Neutrino bip158
Jimmy Song
... 228C D70C FAA6 17E3 2679 E455
bip157 && bip158
Introduction
I want to start this talk with a question for the audience. How many of you have a mobile wallet on your phone right now? How many know the security model that the wallets are using? Okay, how many of you trust those security assumptions? Okay, less of you. I am going to talk about Neutrino. In order to talk about it, let's talk about before Neutrino.
Simplified payment verification
Let's start with simplified payment verification. There are in fact other models and many of your wallets use sometihng else. SPV was described by Satoshi in the bitcoin whitepaper. Once you have a merkle root, it's possible to verify that a transaction is in there. This wasn't implemented until bip37 which was the first time you could do SPV. The thing about bip37 is that it requires server-side filtering. For every client that connects, the server has to do some processing and server-side filtering. It's hard to get the UTXO set using SPV. If you are trying to recover a wallet using bip37, you have to figure out, what is a reasonable last block before my wallet was created? From that block on, you have to go and register a bloom filter and request the filter blocks from the server. Basically you have to keep track of that. It could be a long time, especially if your wallet is old. Very few wallets actually use SPV. If you're not using Breadwallet, pretty much other wallet uses some sort of centralized server. That's what you're using or trusting with your money if you're using a non-Breadwallet mobile wallet.

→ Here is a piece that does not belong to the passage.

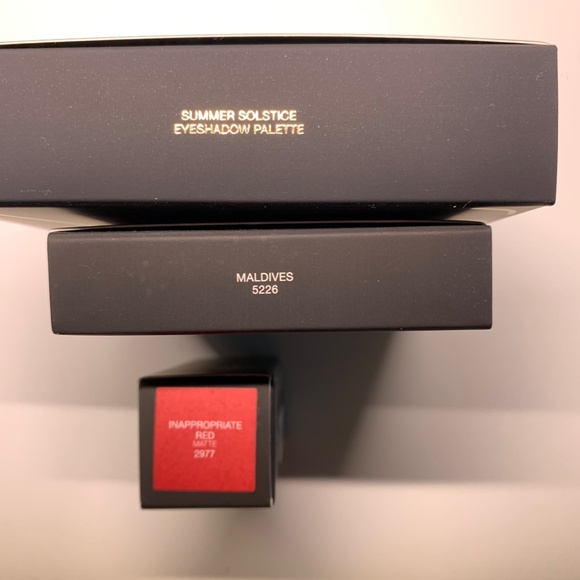NARS COSMETICS Bundle + L'Oreal - Picture 3 of 8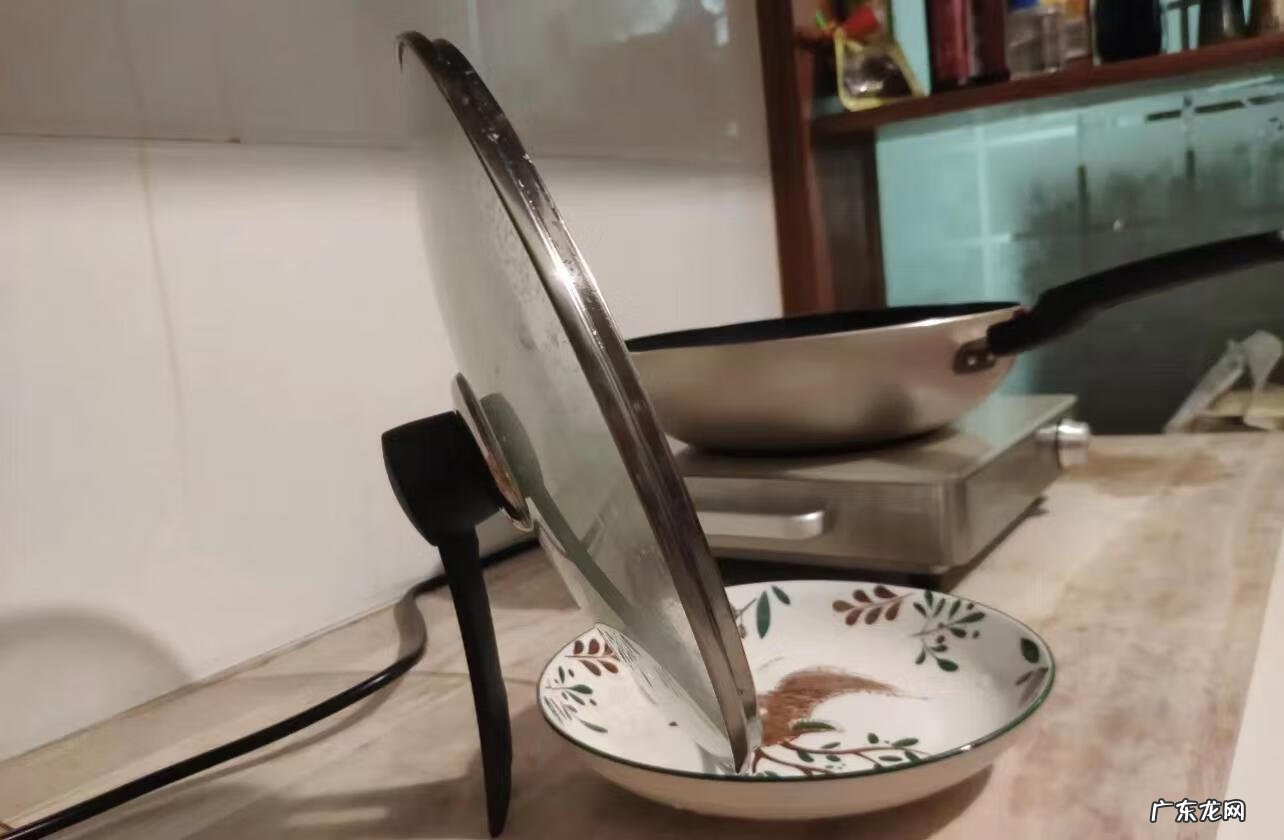 金属花盆带滑轮底托盘 带滑轮的花盆托盘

The client creates a bloom filter. It registers the bloom filter with the server. The server has to process all the transactions in a block through that filter. This is the key bad thing about bip37. On a per bloom filter basis, or per block filter request, it has to calculate all of this. There's a lot of work for the server to do. Once the server figures out which ones fit that filter, and the filter by the way if you don't know is the superset of the interesting transactions for the light client. That's a way to sort of preserve some amount of privacy without downloading the entire block. At that point, the light client has some kind of proof of inclusion and it knows the transaction was in the block and they can verify this because the transaction was in the merkle tree and the merkle root is in the blockheader. Here is how a merkle tree inclusion proof works.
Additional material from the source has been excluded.